If you're interested in general healthy living and want to learn not only what to eat but the nutritional breakdown of how it affects your body, Get It Ripe is an accessible introduction to a healthier lifestyle– that just happens to be vegan, sustainable and pro-planet earth. While most "healthy" oriented diet and cook books can be pretty unforgiving about falling off, Get It Ripe gives a point by point summary on why you should eat whole foods, so that when you do fall off, you're more bummed about missing out on the nourishment than about caving into your fat foods temptation. It's also not so much about eating vegan as it is a way to eat better, since there enough literature that states how bad refined flour, sugar, dairy and non-organic meats are for you.
Jae Steele is a chef, certified nutritionist, activist, and long time publisher of cook zines, and Get It Ripe features the best of her recipes as well as her approach to whole foods cooking. If you're not familiar with whole foods, it's not the expensive market but food in it's whole state, unprocessed, organic, and natural.
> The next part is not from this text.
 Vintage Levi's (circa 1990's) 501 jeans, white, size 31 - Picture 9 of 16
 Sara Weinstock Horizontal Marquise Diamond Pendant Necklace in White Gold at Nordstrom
What I really liked about Steele's approach is that she gives plain spoken explanations of other nutritional philosophies (raw, macrobiotic, and locavore), integrations the best of each of them into her cooking, and explains the nutritional value in each recipe! She appreciates the yin and yang/ hot and cold energies from eastern macrobiotic cooking, and uses more sea vegetables in her recipes. She's also all about encouraging raw foods in the summer when its easiest and most plentiful. If you're scared of giving up carbs, she also includes tons of wheat-free and gluten free baked goods recipes.
She also touches on exercise, body brushing, and wearing as much natural fibers as you can. She's also an activist, and gives the contact info for organizations that can point you to local farmers and food co-ops, if you're willing to put the effort in. While this is all pretty interesting stuff, what's most valuable about this book is that her recipes are easy, call for commonplace ingredients, and are pretty liberal with substitutions. You get the sense that's she's really just providing a blueprint for you to develop your own healthy regiment, and guiding you to figure out what's right for your body.
The book is broken down by sections— why go vegan, what you need in your kitchen, cooking, baking, and desserts, and also features tasty color pictures. Check out the white bean quinoa salad, cauliflower chickpea curry, blueberry breakfast polenta, and maple mashed sweet potatoes. I'm getting hungry already!
Great review! This sounds like a really non-threatening approach to a vegan diet. There are so many out there that are too preachy and overbearing. I'll have to check this out next ... thanks Raina!